I'm trying to understand how the system's call stack works internally when a recursive function is called. Specifically, I'm looking at a function that computes the maximum depth of a binary tree using a postorder traversal.

I do know there is a stack solution out there, but I would one that mimics the internal call as closely as possible.

Here's the tree I'm working with:

    1
   / \
  2   3
 / \
4   5

And here's the recursive function:

def maxDepth(root: Optional[TreeNode]) -> int:
    def dfs_postorder(node: TreeNode) -> Union[int, Literal[0]]:
        if not node:
            return 0

        left_depth = dfs_postorder(node.left)
        right_depth = dfs_postorder(node.right)
        return max(left_depth, right_depth) + 1

    return dfs_postorder(root)

When this function is run on the tree, it first calls itself on the root, then on the root's left child, then on the left child's left child, and so on, until it reaches a leaf. At each step, it adds a frame to the call stack.

However, I'm confused about when the right children get added to the stack. From my understanding of the code, it seems like the function would only start processing the right children after it has finished with all the left children.

For instance, after the first call to the function (with the root node 1), I would expect the next call to be with the left child (2), and the system's call stack to look like this:

[(1, "processed"), (2, "process")]

where process means the node's left and right are yet to be explored and processed means we explored its left and right and probably ready to be "popped" later.

However, I've been told that even at this early stage, the call stack would also include a frame for the right child (3), like this:

[(1, "processed"), (3, "process"), (2, "process")]

Why is this the case? How does the system's call stack actually work in this situation?

Answer 1

It might be helpful to think of call-stack frames as remembering "where to return to" when a function call returns.
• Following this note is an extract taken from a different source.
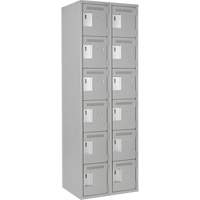 Clean Line Lockerettes, 6 -tier, Bank of 2, 24" x 18" x 72", Steel, Grey, Rivet (Assembled) Les Fournitures Industrielles Méga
There are two recursive calls in your example (one for the left child, and one for the right), so there are two possibilities of where those calls should return to.

Let's label these two return points, A and B:

    left_depth = dfs_postorder(node.left)
A:
    right_depth = dfs_postorder(node.right)
B:
    return max(left_depth, right_depth) + 1

All the call-stack needs to do is remember whether or not it is returning to the code at A, or returning to the code at B.

---

While processing node 2, the stack looks something like the following. Here, the stack remembers that, when we return to node 1, the program should continue at point A in the code.

[(node: 1, continue_at: A), (node: 2, ...)]

Later, the program continues with node 1 at point A, causing it to start processing the right child, at which point the stack looks like this:

[(node: 1, continue_at: B), (node: 3, ...)]

---

Now, to address this point:

However, I've been told that even at this early stage, the call stack would also include a frame for the right child

This is not correct. The call-stack includes a frame that remembers it should continue at point A, but there is no explicit frame for the right child (yet). It just so happens that the next thing to occur at point A is a call that will begin processing the right child.